| Exercise |
Write out exactly the lines from the one holding "X-Men 97 Rogue" to the last line of the entries, both ends included and nothing else, without the pictures.

| Collected data entries |
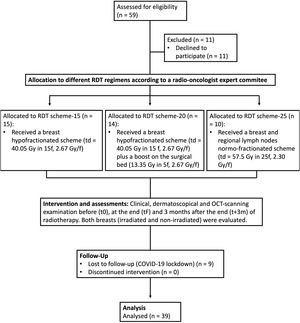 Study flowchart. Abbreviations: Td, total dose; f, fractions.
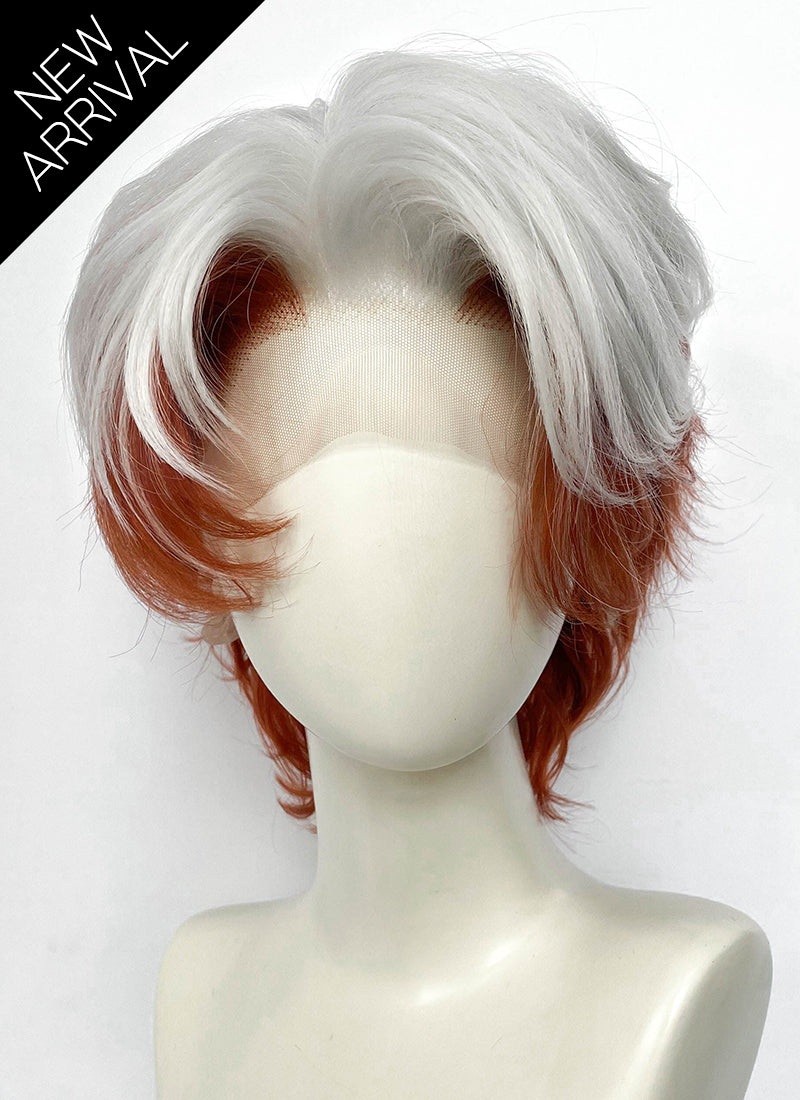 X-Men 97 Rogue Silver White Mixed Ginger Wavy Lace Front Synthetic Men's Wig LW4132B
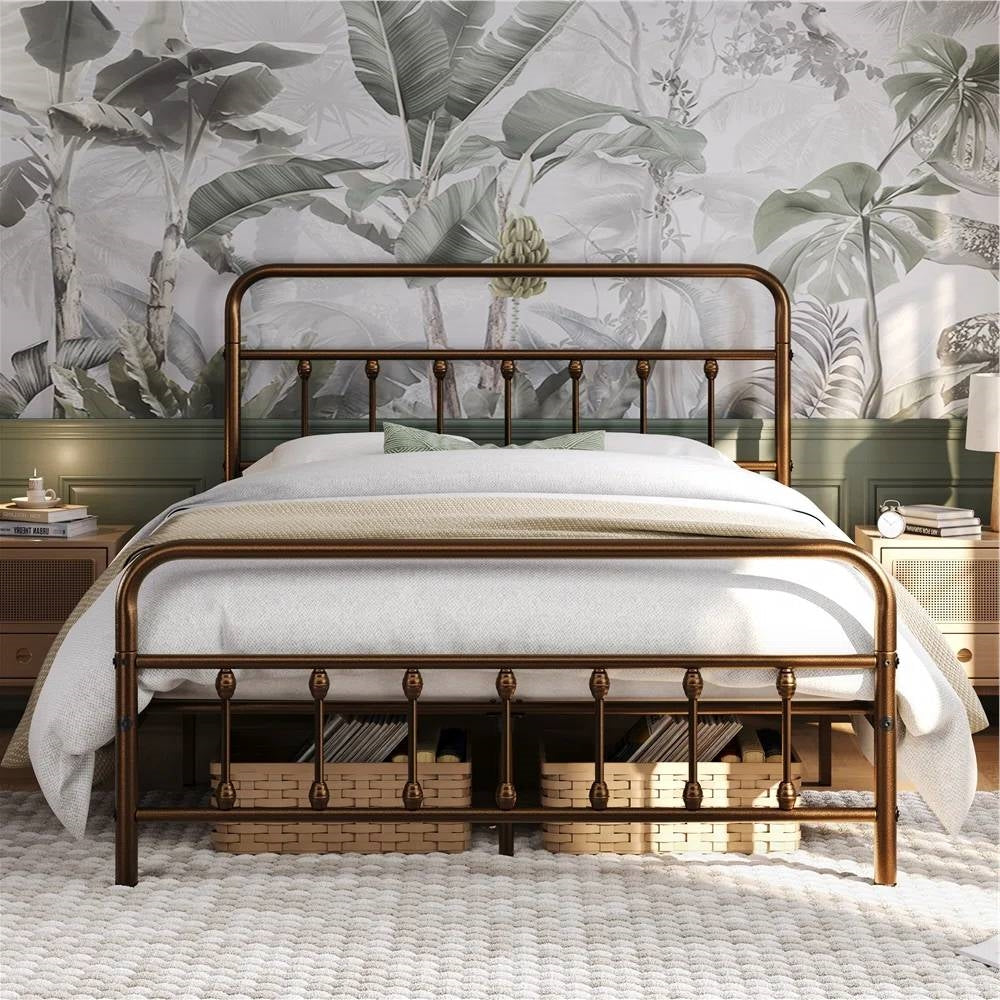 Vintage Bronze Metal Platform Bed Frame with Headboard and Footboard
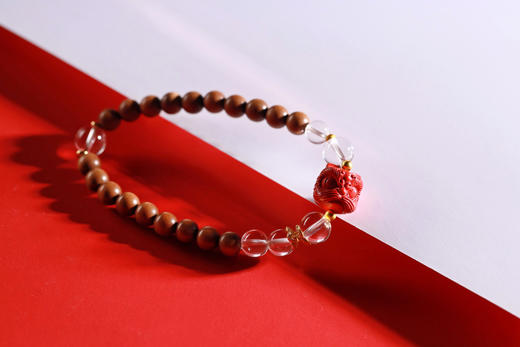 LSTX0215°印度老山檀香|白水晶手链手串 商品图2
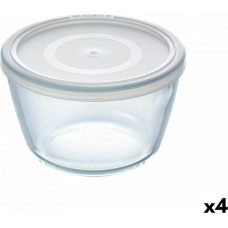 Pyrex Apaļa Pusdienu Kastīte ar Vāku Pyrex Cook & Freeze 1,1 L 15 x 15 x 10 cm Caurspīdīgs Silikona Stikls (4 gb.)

| Answer for the task |
 X-Men 97 Rogue Silver White Mixed Ginger Wavy Lace Front Synthetic Men's Wig LW4132B
 Vintage Bronze Metal Platform Bed Frame with Headboard and Footboard
 LSTX0215°印度老山檀香|白水晶手链手串 商品图2
 Pyrex Apaļa Pusdienu Kastīte ar Vāku Pyrex Cook & Freeze 1,1 L 15 x 15 x 10 cm Caurspīdīgs Silikona Stikls (4 gb.)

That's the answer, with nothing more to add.